● **What you will do**
Return the material below exactly, but only from the line with "Remember: an IM" through the line with "How's it going, guys?", and without its pictures.

● **Given information**
*** Begin section ***
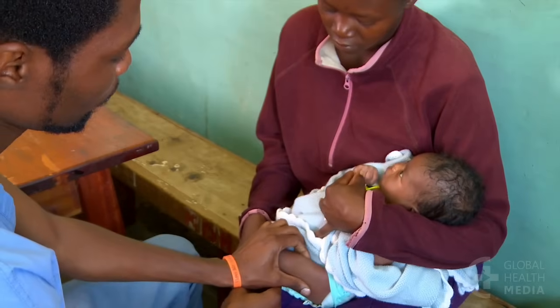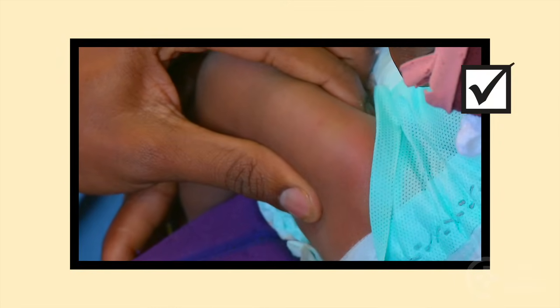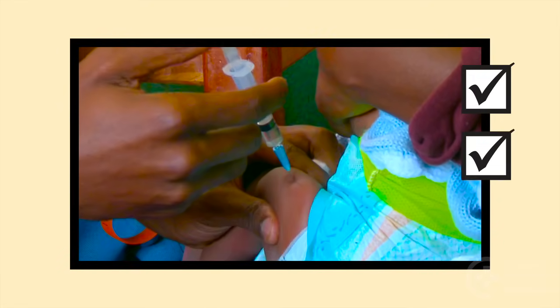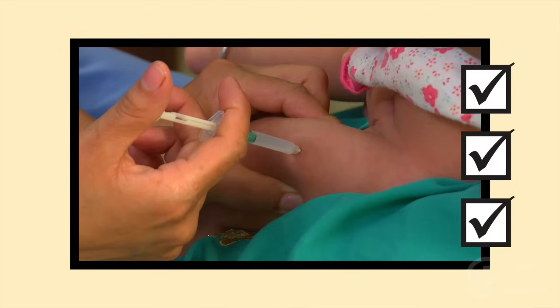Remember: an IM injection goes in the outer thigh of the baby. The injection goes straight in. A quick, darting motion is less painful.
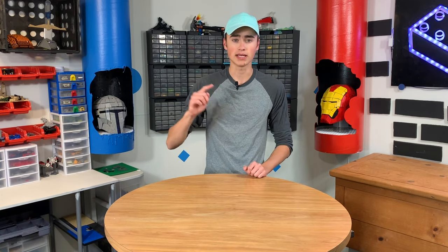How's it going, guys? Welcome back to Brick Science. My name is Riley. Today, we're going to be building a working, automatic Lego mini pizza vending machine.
*** End section ***
*** Begin section ***
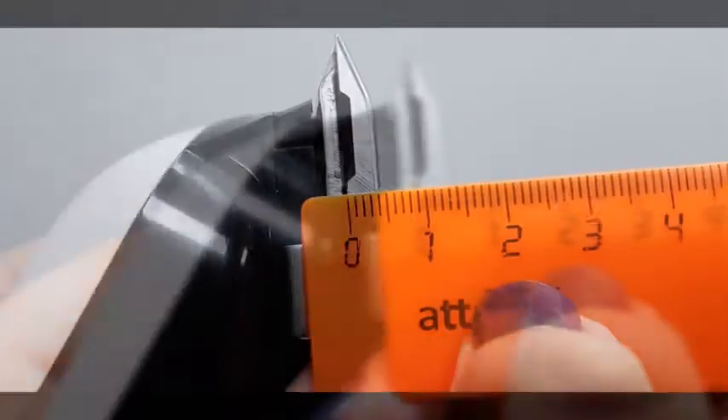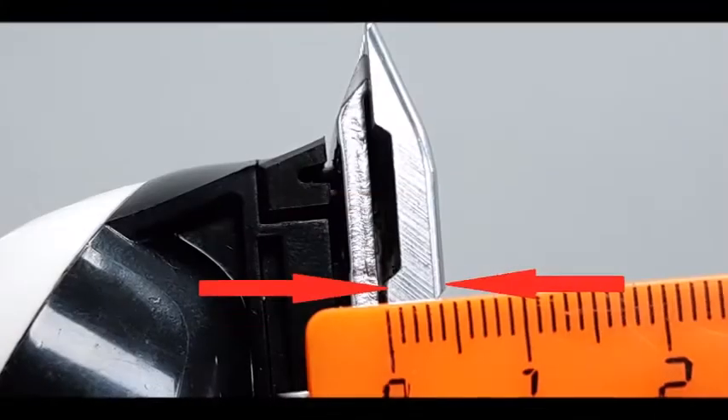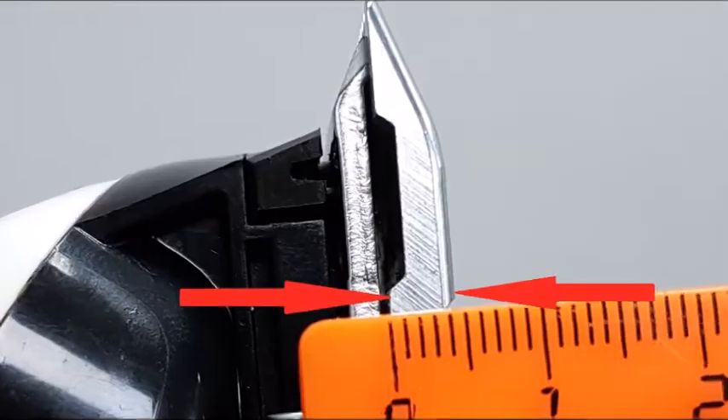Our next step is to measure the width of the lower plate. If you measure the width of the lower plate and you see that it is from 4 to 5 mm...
*** End section ***
● **Written response**
Remember: an IM injection goes in the outer thigh of the baby. The injection goes straight in. A quick, darting motion is less painful.
How's it going, guys? Welcome back to Brick Science. My name is Riley. Today, we're going to be building a working, automatic Lego mini pizza vending machine.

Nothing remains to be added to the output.